## WORK INSTRUCTION
Could you reproduce the lines below from the one with "Easylogi Logo" through the one with "Villasanta - Argentia"? Keep both ends and add nothing.

*** PROVIDED DATA ***

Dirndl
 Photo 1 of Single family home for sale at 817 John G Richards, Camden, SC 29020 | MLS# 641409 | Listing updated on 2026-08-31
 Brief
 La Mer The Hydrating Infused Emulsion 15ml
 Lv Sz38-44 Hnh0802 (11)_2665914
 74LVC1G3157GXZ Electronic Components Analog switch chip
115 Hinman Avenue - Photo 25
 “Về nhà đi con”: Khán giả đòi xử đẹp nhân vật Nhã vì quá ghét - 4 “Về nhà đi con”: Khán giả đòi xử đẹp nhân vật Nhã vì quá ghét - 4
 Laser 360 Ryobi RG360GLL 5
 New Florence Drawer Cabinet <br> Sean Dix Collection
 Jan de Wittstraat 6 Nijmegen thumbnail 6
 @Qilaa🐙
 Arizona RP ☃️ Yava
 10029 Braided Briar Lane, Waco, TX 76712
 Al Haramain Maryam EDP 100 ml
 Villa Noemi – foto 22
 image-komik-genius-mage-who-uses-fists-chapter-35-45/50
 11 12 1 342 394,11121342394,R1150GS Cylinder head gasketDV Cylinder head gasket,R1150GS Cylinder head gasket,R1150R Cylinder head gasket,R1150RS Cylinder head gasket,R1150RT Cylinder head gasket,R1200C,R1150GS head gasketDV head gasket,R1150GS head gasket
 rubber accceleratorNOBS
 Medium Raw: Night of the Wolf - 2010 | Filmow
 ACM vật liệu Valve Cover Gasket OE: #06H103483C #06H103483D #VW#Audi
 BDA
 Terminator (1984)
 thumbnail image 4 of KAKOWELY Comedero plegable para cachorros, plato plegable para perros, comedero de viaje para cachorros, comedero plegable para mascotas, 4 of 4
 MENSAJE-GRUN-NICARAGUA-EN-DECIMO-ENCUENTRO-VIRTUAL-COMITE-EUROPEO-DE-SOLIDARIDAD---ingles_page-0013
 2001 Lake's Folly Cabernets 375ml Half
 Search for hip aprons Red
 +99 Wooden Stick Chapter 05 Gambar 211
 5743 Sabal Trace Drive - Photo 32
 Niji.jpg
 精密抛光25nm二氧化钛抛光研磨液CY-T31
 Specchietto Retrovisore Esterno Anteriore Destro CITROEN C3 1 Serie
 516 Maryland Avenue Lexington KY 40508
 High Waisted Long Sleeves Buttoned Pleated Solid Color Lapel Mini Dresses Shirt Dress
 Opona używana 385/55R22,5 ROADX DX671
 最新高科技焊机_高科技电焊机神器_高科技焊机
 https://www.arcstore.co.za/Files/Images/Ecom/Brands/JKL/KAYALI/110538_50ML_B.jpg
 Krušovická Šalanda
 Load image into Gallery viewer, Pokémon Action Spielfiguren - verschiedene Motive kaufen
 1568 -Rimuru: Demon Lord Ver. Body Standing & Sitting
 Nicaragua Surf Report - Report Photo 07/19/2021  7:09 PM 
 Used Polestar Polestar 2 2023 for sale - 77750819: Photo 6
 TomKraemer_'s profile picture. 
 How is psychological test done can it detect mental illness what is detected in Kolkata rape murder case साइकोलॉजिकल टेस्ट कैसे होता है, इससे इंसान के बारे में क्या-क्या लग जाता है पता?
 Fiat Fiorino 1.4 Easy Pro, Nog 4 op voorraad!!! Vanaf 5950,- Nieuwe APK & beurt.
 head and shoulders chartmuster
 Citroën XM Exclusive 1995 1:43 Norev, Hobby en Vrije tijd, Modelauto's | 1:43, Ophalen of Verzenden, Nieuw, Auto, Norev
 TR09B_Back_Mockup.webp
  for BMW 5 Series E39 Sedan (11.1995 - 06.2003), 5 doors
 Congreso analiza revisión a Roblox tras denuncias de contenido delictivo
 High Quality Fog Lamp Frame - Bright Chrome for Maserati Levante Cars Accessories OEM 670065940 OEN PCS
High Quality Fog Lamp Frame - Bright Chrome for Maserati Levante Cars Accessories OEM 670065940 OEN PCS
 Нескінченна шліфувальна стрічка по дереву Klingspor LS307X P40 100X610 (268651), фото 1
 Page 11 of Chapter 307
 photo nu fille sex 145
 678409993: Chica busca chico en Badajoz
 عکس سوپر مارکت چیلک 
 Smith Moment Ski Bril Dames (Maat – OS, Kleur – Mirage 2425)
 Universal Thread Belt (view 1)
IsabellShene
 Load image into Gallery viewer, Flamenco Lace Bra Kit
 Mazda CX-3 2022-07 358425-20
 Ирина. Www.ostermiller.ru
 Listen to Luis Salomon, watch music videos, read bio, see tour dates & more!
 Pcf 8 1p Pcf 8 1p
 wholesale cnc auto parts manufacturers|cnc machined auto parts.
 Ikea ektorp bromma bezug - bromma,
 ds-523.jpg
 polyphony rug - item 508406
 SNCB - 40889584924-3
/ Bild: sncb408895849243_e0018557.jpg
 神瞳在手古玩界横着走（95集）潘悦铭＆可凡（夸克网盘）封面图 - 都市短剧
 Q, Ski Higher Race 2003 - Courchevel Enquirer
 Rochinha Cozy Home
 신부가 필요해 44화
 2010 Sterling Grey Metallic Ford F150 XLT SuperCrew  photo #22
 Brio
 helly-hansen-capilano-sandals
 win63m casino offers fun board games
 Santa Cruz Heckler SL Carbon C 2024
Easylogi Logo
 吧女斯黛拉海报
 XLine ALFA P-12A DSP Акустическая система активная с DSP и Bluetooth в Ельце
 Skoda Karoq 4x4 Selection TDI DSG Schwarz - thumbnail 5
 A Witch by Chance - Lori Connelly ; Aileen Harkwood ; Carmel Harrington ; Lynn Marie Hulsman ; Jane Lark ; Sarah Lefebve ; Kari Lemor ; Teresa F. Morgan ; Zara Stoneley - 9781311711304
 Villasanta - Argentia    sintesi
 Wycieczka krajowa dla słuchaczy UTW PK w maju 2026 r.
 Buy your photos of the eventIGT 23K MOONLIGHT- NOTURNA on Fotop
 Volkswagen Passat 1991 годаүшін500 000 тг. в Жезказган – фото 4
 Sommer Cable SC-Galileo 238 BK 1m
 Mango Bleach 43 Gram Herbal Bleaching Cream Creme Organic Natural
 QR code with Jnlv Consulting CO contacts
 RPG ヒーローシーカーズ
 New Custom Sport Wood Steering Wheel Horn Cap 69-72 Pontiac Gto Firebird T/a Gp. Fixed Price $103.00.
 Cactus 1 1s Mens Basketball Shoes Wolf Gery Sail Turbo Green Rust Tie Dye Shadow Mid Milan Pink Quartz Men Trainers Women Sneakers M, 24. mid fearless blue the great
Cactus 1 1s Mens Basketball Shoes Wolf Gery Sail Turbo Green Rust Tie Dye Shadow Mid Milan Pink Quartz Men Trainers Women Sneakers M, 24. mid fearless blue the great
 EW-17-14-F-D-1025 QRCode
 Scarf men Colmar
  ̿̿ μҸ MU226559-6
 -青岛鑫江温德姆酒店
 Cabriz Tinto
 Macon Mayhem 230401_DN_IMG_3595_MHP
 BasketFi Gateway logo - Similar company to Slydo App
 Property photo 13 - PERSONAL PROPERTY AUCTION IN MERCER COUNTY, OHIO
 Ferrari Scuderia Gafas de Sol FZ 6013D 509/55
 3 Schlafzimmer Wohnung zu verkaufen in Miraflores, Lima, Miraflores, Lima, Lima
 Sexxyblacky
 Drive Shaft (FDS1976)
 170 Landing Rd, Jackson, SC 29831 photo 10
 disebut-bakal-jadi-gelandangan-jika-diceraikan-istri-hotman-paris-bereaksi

*** End of PROVIDED DATA ***

## OUTPUT
Easylogi Logo
 吧女斯黛拉海报
 XLine ALFA P-12A DSP Акустическая система активная с DSP и Bluetooth в Ельце
 Skoda Karoq 4x4 Selection TDI DSG Schwarz - thumbnail 5
 A Witch by Chance - Lori Connelly ; Aileen Harkwood ; Carmel Harrington ; Lynn Marie Hulsman ; Jane Lark ; Sarah Lefebve ; Kari Lemor ; Teresa F. Morgan ; Zara Stoneley - 9781311711304
 Villasanta - Argentia    sintesi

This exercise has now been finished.